A banger race is distinct from a demolition derby, as the objective of the latter is not to turn laps, but to smash, destroy and ultimately immobilise all of the opposition, until only one vehicle is left. On occasions, though, the final event at a 'National' or 'Back to basic' Banger meeting may be a demolition derby where the cars that have raced compete to be the last one standing. At special events, caravans or small boats may be towed by racers during the demolition derby for added destruction during the event.

At regular banger events, cars are gridded across the track, sometimes in a graded order of driver success, and then sent away to give a rolling start for the beginning of a race.
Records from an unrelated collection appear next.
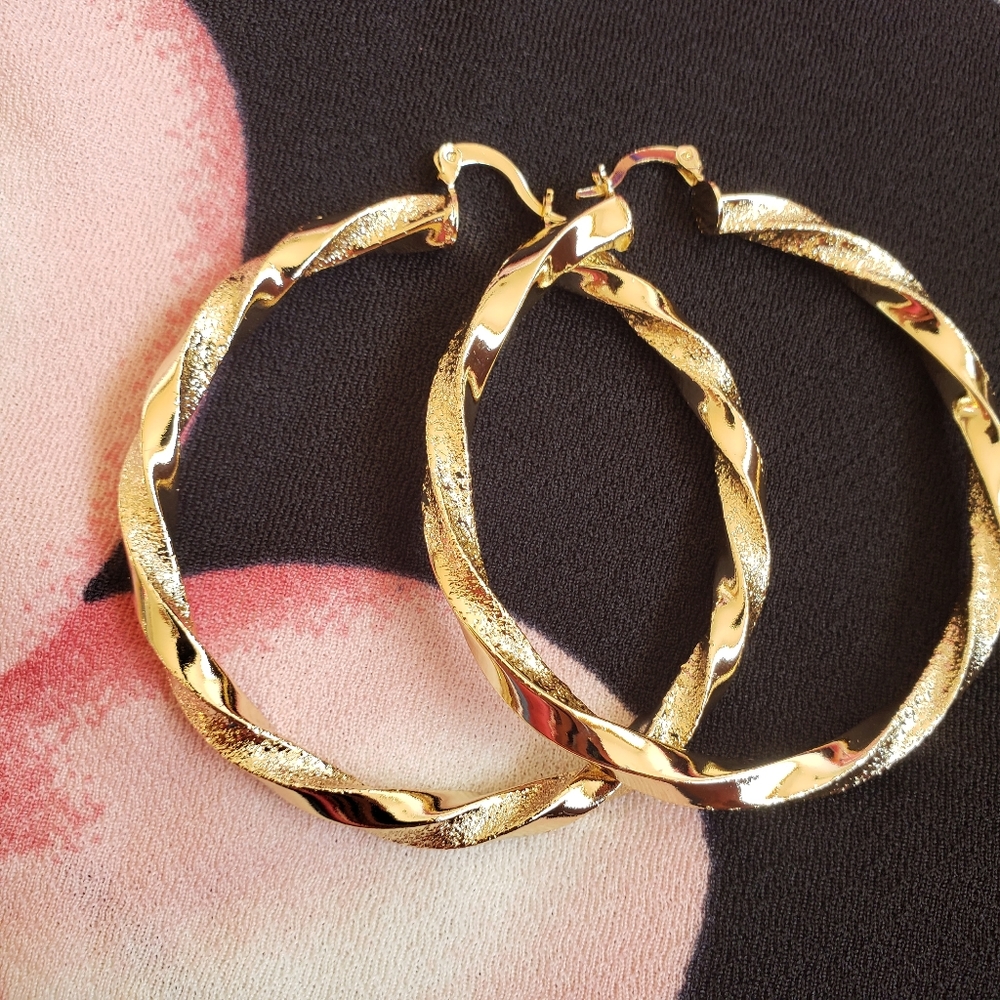 Hoops laminated gold 18k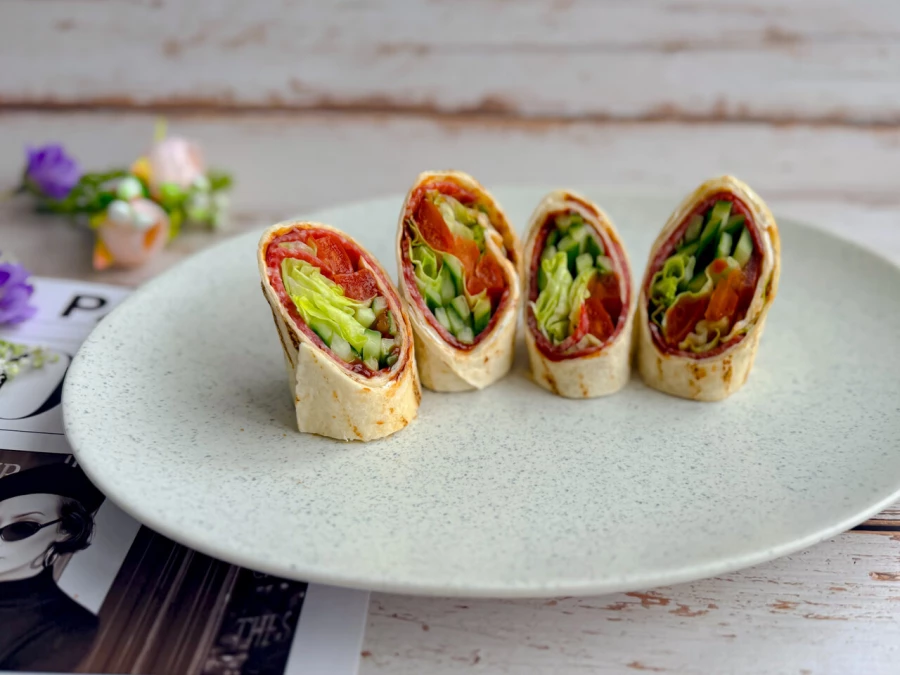 Сэндвич-роллы с салями и соусом BBQ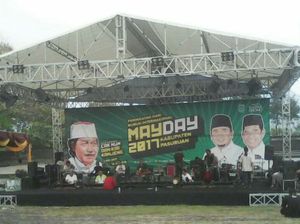 May Day, Buruh Kabupaten Pasuruan Diajak Ngaji Bareng Cak Nun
Despite the racing element of the sport, the community often categorise drivers into two different groups. There are those who are regarded as 'rodders', a term derived from the Hot Rod formulas that also commonly race on short ovals. These drivers aim to win races by any means possible. There are also those who are known as 'wreckers' and compete with the intention of destroying their own and other racer's cars. Wreckers are often more popular with the crowd, although drivers who win races and qualify for the world final are also respected.

Along with trophies for race winners and podium finishers, there are often trophies presented to the 'Best wrecker', 'Best entertainer' and 'Demolition derby winner', in order to attract drivers of both persuasions. Another trophy often given is a 'best car' award which is usually either given to the best-presented vehicle or the rarest car; with the latter being the subject of much controversy with classic car enthusiasts.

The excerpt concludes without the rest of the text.